Even if we have can find the authentic place within ourselves to sincerely express our gratitude, we need to be able to put ourselves in the shoes of the person we wish to express our gratitude to. We need to understand all of the cultural and social nuances of gratitude in their context. A key to being able to achieve this is the character strength of empathy.
It may be helpful to realise that we tend to express gratitude in ways that we would like to receive it. For example, if we like to be thanked verbally and publicly in a work situation we may do this same thing to thank a colleague. However, a person may be shy or prefer to stay away from the limelight and may need to be thanked in other ways, such as offering to take on some of their workload so they can get home early to their family.
As I have explored in other blogs being able to find ways to express gratitude that are meaningful to others can often become more challenging when a person comes from a different culture.
Similarly, we need to be empathetic to their difficulty in expressing gratitude to us because of cultural differences. One example of this was relayed to me by a PhD supervisor of an indigenous student. She was never thanked by this student for her efforts and could see that it was having a negative effect on their relationship as she didn’t feel appreciated. It wasn’t until we explored the different value given by many indigenous people to ‘white fella’s’ gratitude, that the supervisor realised that she was imposing her expectations on the student of how gratitude should be ‘correctly’ expressed. When she was able to see that it wasn’t an absence of gratitude, but that it was being expressed in different ways, she was able to give up her resentment.

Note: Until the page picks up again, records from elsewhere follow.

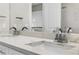Elegant bathroom featuring double sinks, marble countertops, and a sleek design for a spa-like experience at 8616 Port Said St, Orlando, FL 32817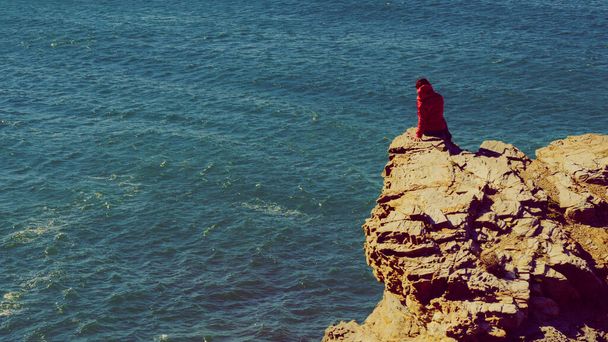 Tourist woman on spanish rocky coastline in Murcia region. Mediterranean Sea coast landscape, Calblanque Regional Park. - Φωτογραφία, εικόνα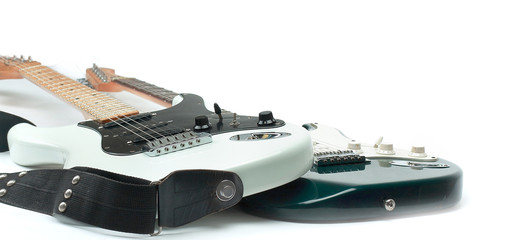 in the foreground .the fretboard of an acoustic guitar. isolate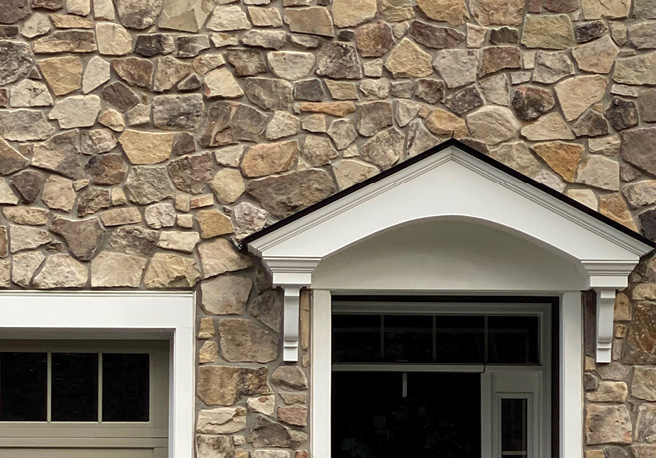 Home exterior with natural stone veneer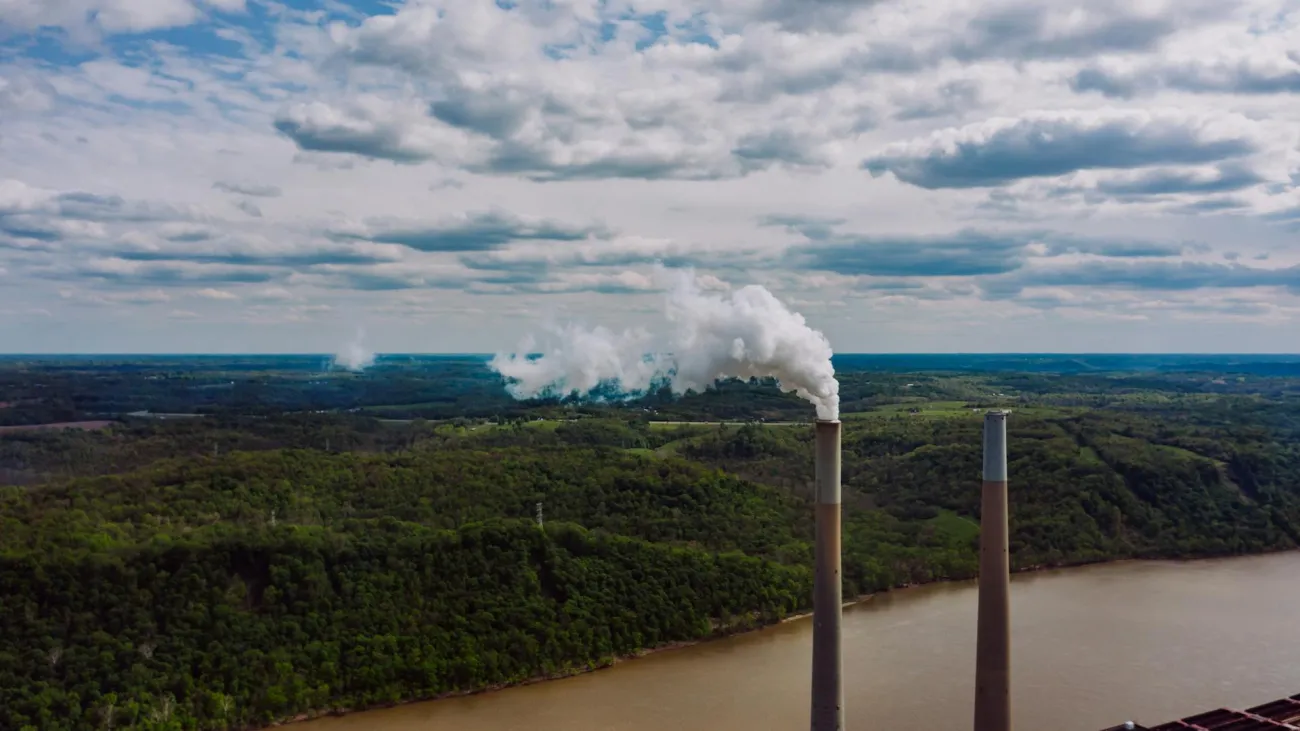 Steam coming out of chimney, forest in background. Credit: Kelly via Pexels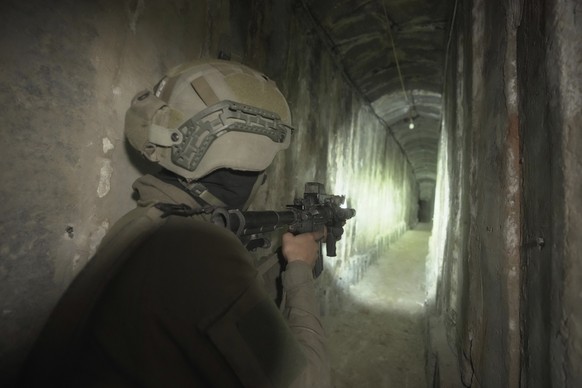 INSTRUCTIONS UPDATES - Israeli soldiers show the media an underground tunnel found under Shifa Hospital in Gaza City, Wednesday, November 22, 2023. Israel says Hamas militants took cover on the…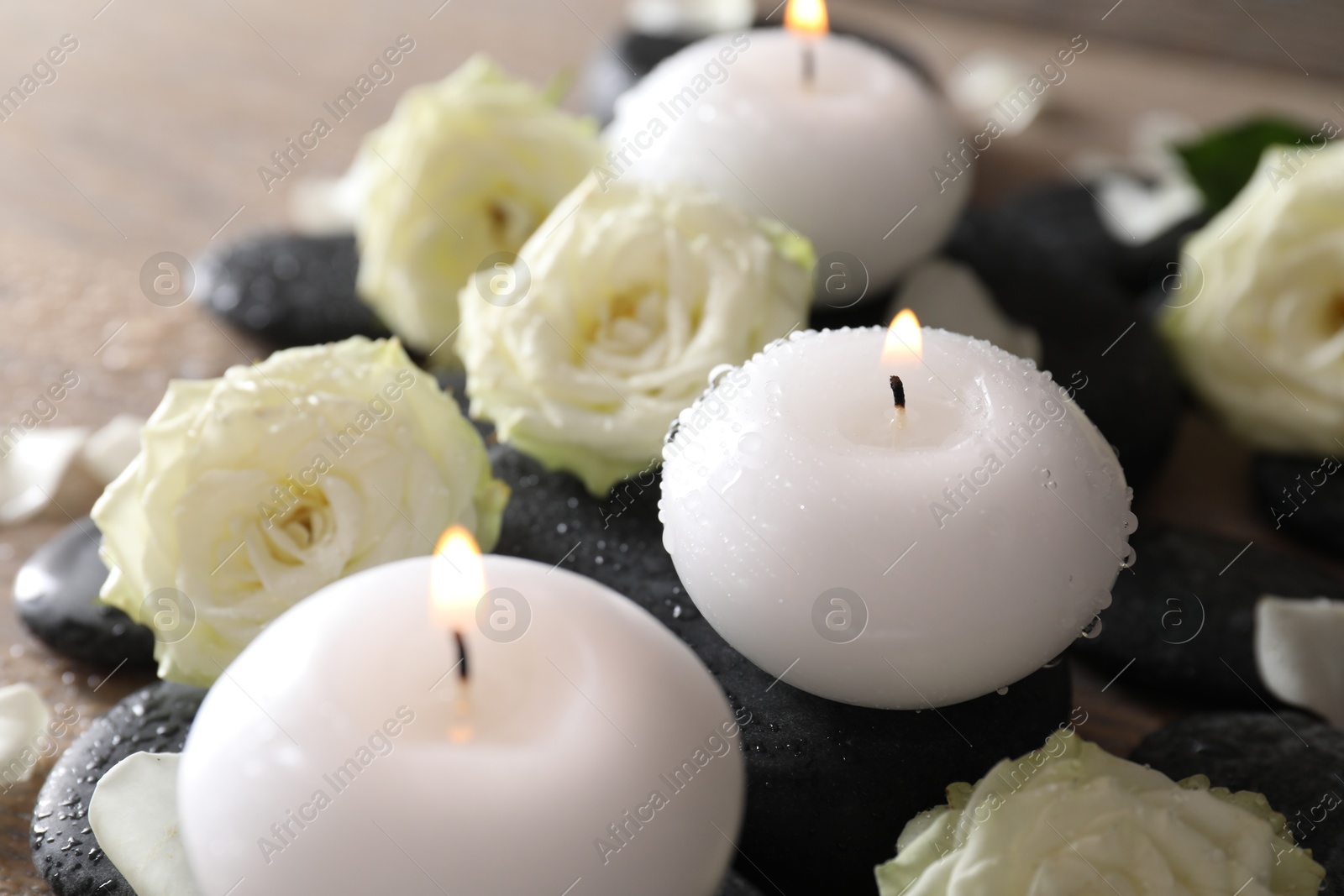 Photo of Burning candles, stones and rose flowers on wooden table, closeup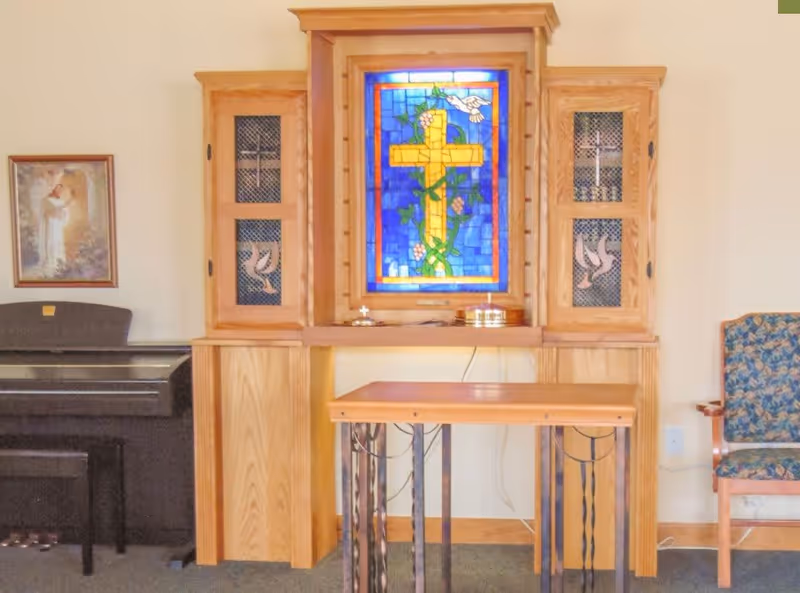 A small chapel or prayer room with a wooden altar featuring a stained glass window depicting a yellow cross with green vines, pink flowers, and a white dove on a blue background. On either side of the altar are wooden cabinets with mesh doors displaying crosses and doves. To the left is a black piano with a framed religious picture above it, and to the right is a wooden chair with a floral patterned cushion.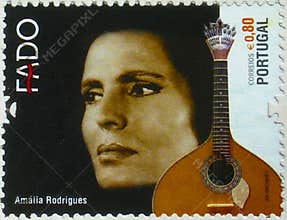 Portuguese Fado stamp: Amália Rodrigues and a traditional Portuguese guitar.
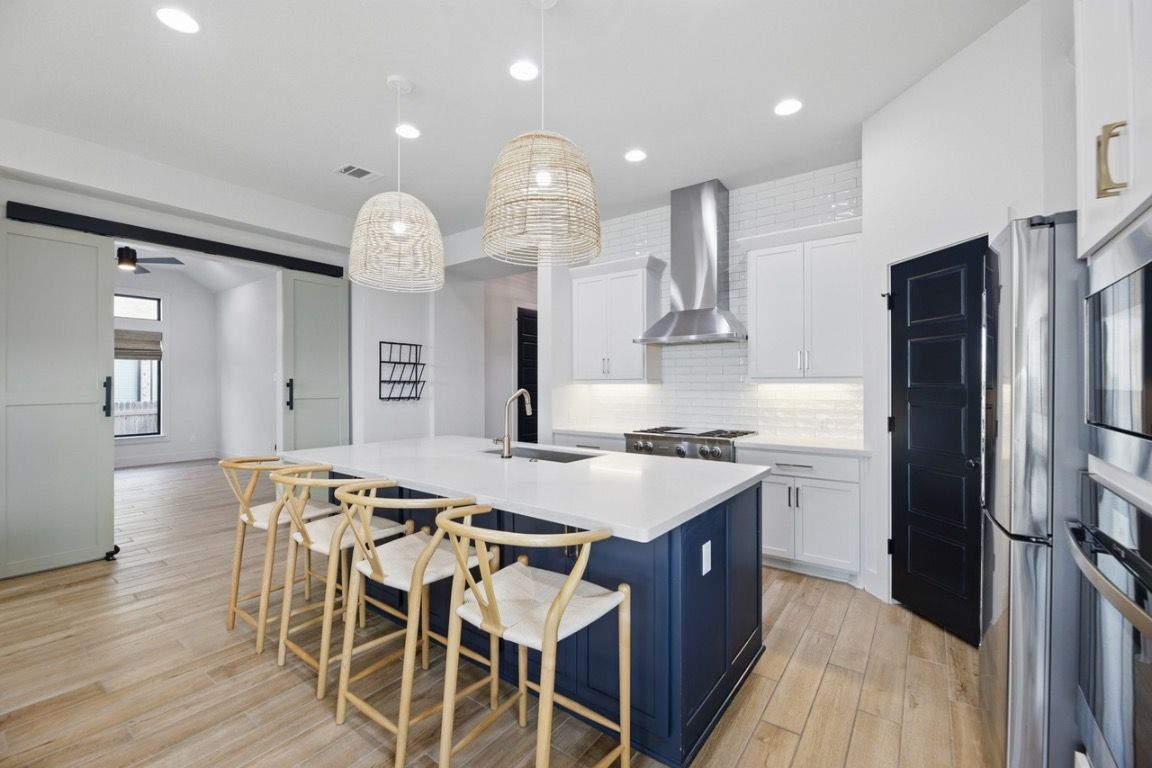 Interior, Kitchen, Pendant Lights, Recessed Lighting, Stainless Steel Appliances, Wood Texture Flooring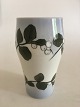 Royal 
Copenhagen Vase 
No 204/65A with 
White 
Symphoricarpos. 
21 cm H (8 
17/64").. 1st 
Quality but ...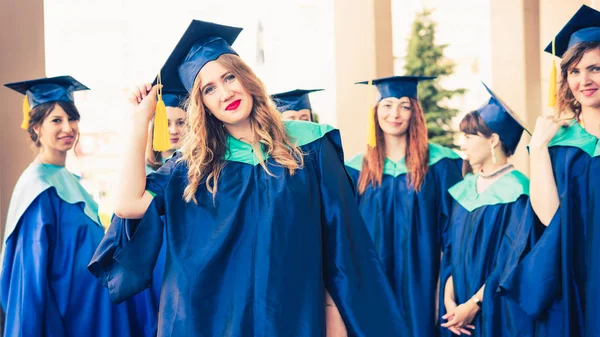 Un grupo de jóvenes graduadas. Mujer graduada es sonriente ag —  Fotos de Stock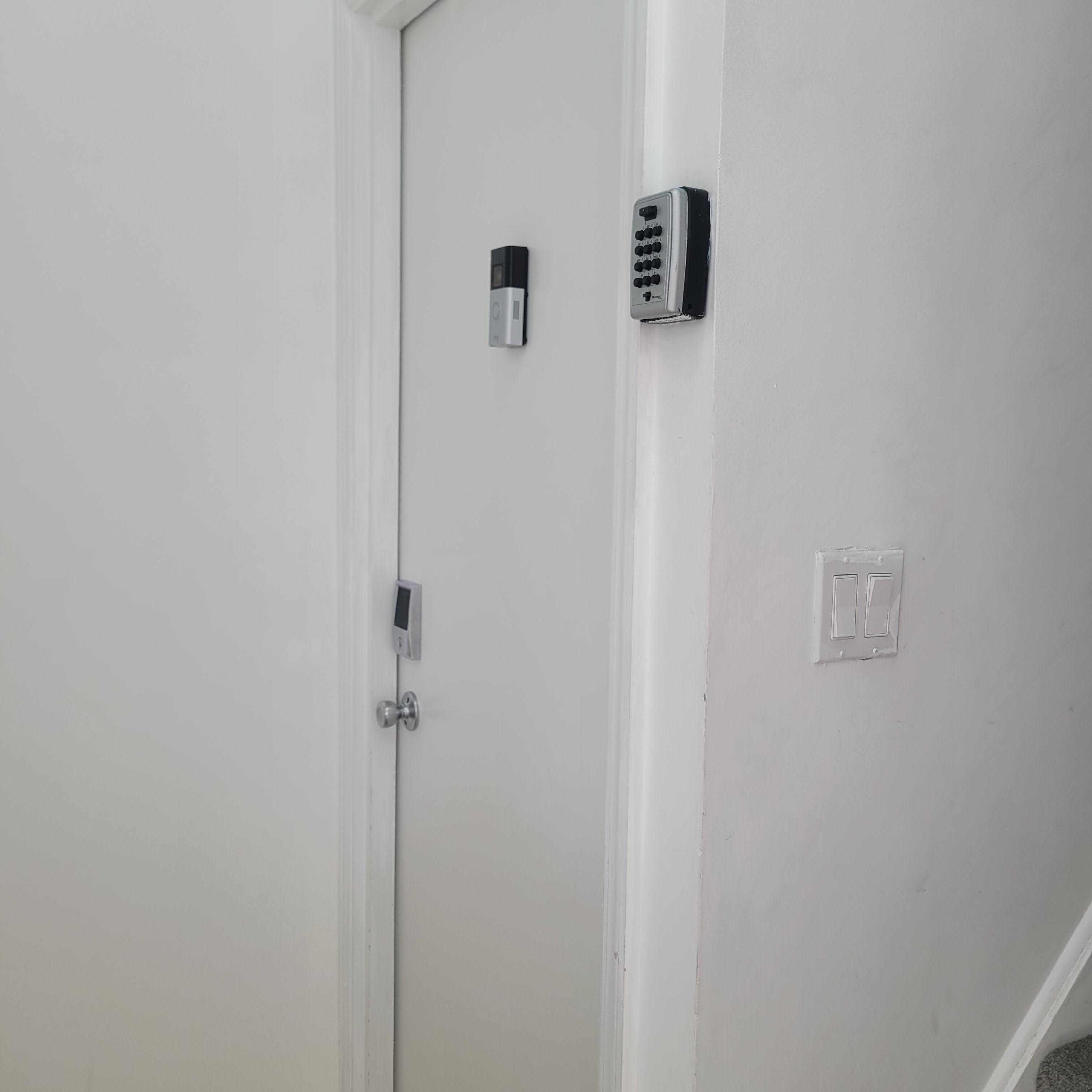 There are multiple places a person can input a code. It is the black panel on the door. Not the master box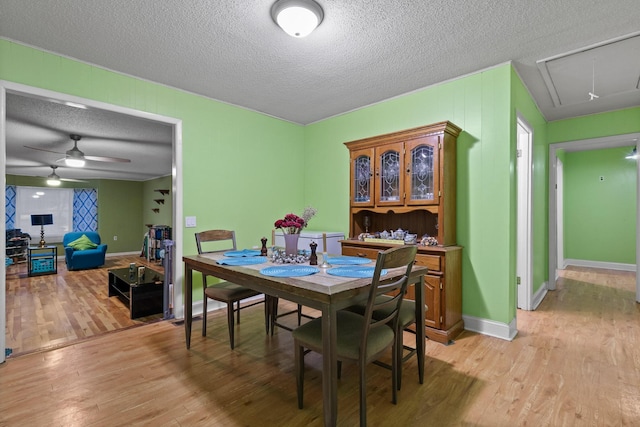 dining space with a textured ceiling, light wood finished floors, attic access, and baseboards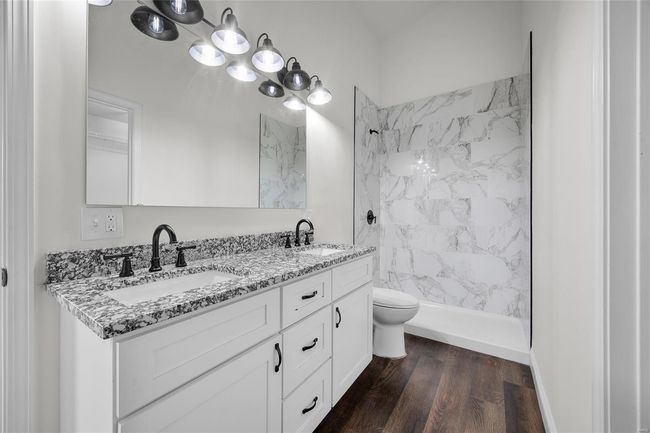 Full bathroom with a sink, a tile shower, double vanity, and wood finished floors | Image 40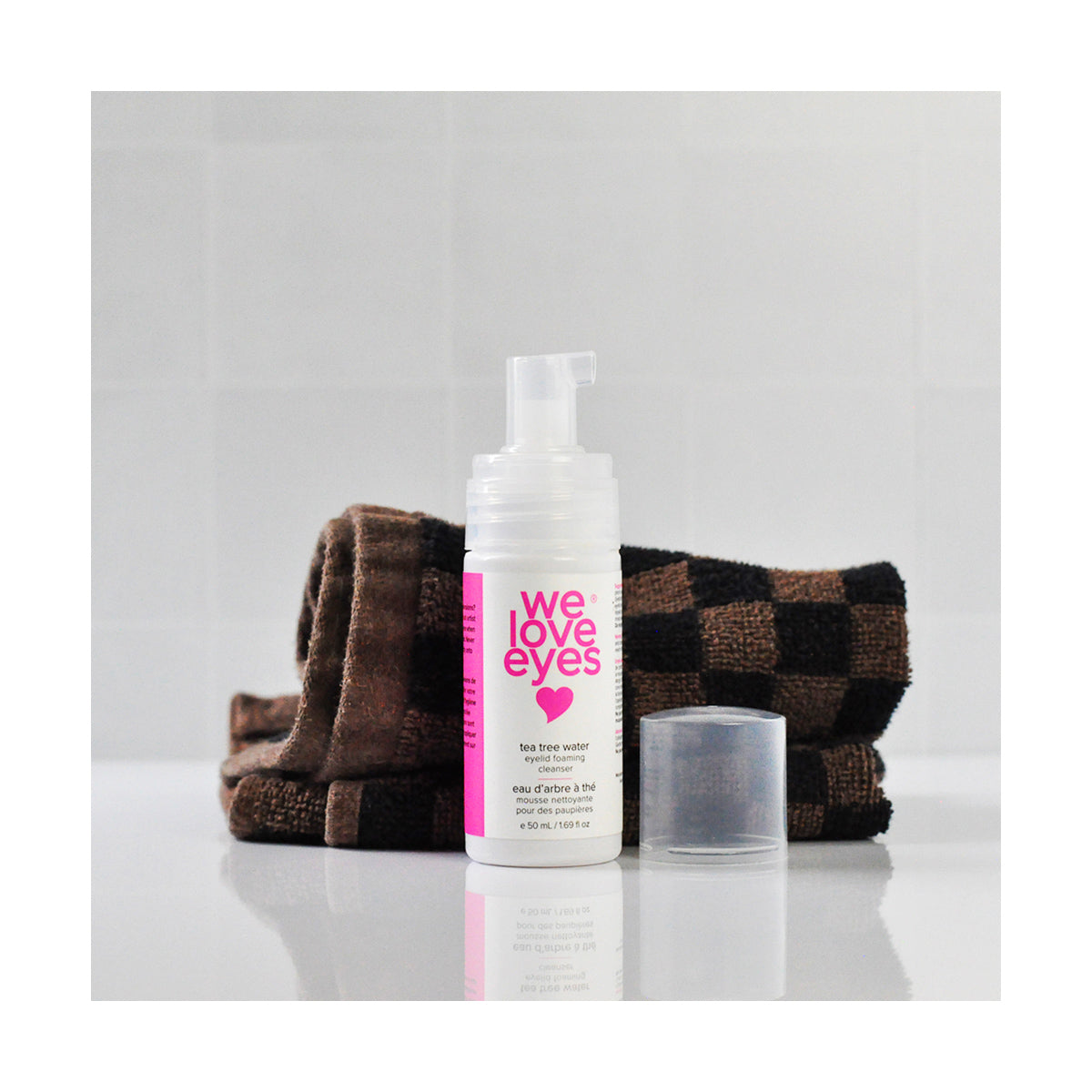 The We Love Eyes Tea Tree Water Eyelid Foaming Cleanser, in a clear bottle with a white and pink label, rests on a reflective surface next to its cap and a folded dark brown and black checkered towel, highlighting its role as a refreshing pH-balanced cleansing spray.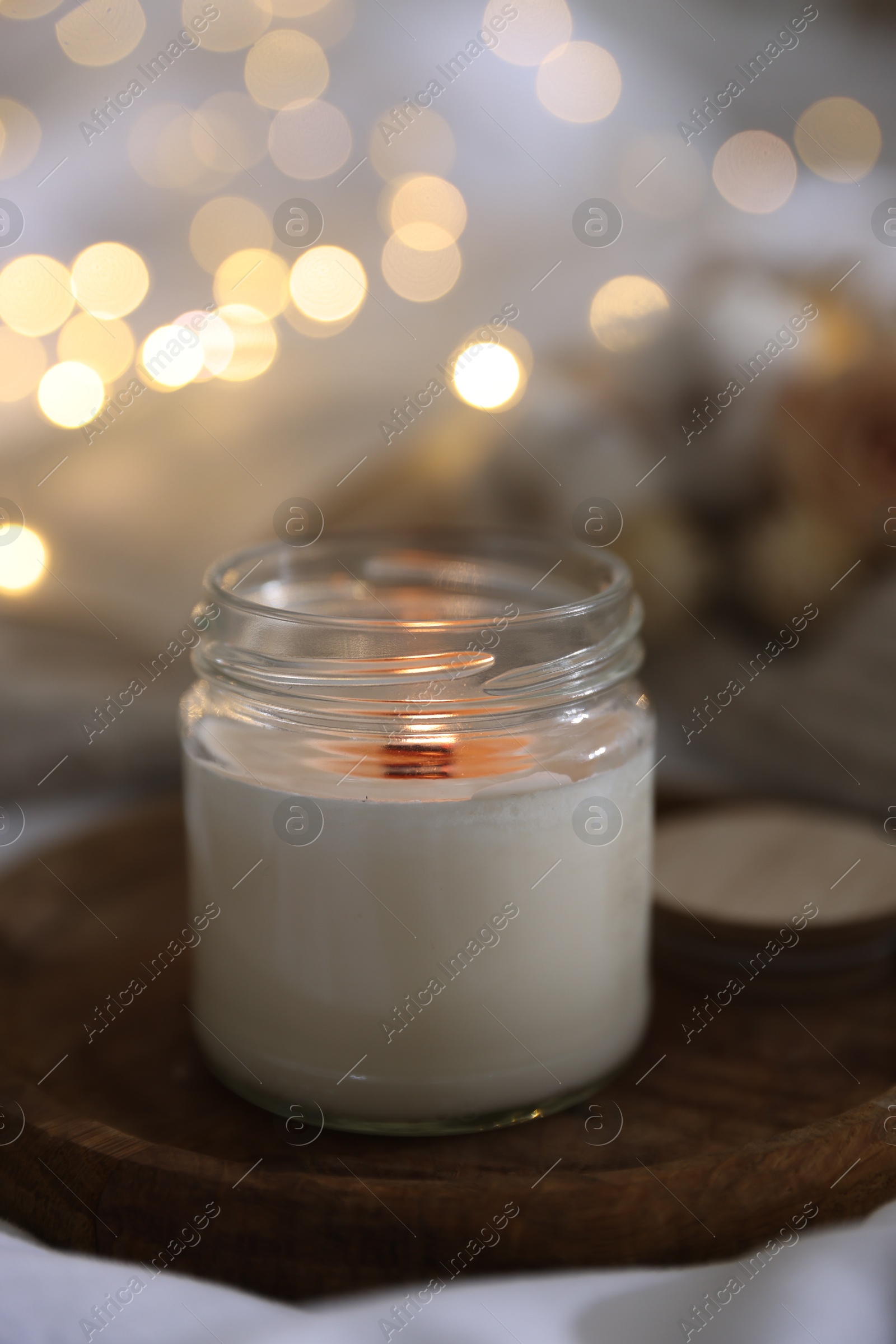 Photo of Burning candle on white cloth, closeup. Cozy atmosphere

We may also need to extend empathy to those who find it difficult to express gratitude towards us. If we replace our expectations of how others should be thankful for what we have given them with empathy for their situation, which may be preventing them from thanking us, we thwart the rise of resentment. In doing so we have a far greater chance of maintaining our gratitude.
One of the most classic cases where this applies is with our teenage children. As parents of teenagers, we can be left feeling totally drained and under-appreciated. However, if we go into their world with an understanding that stages of development impact on expressions of gratitude, we are able to see that they may be distracted with things that are going on in their own lives, with their friendships or other fears and worries.
Empathy awakens gratitude. Judgement of others kills it.
A group of school principals I worked with were engaged in a book club around my book Gratitude in Education: A Radical View. The area where they found it most difficult to express gratitude was with the education system – the people “running the show” and setting all the policies and procedures for their role as a principal. They found it difficult to get past feelings of being undervalued and under-appreciated. Some named this as the main reason why they couldn’t express gratitude to others, because it was not being modelled by those ‘above’.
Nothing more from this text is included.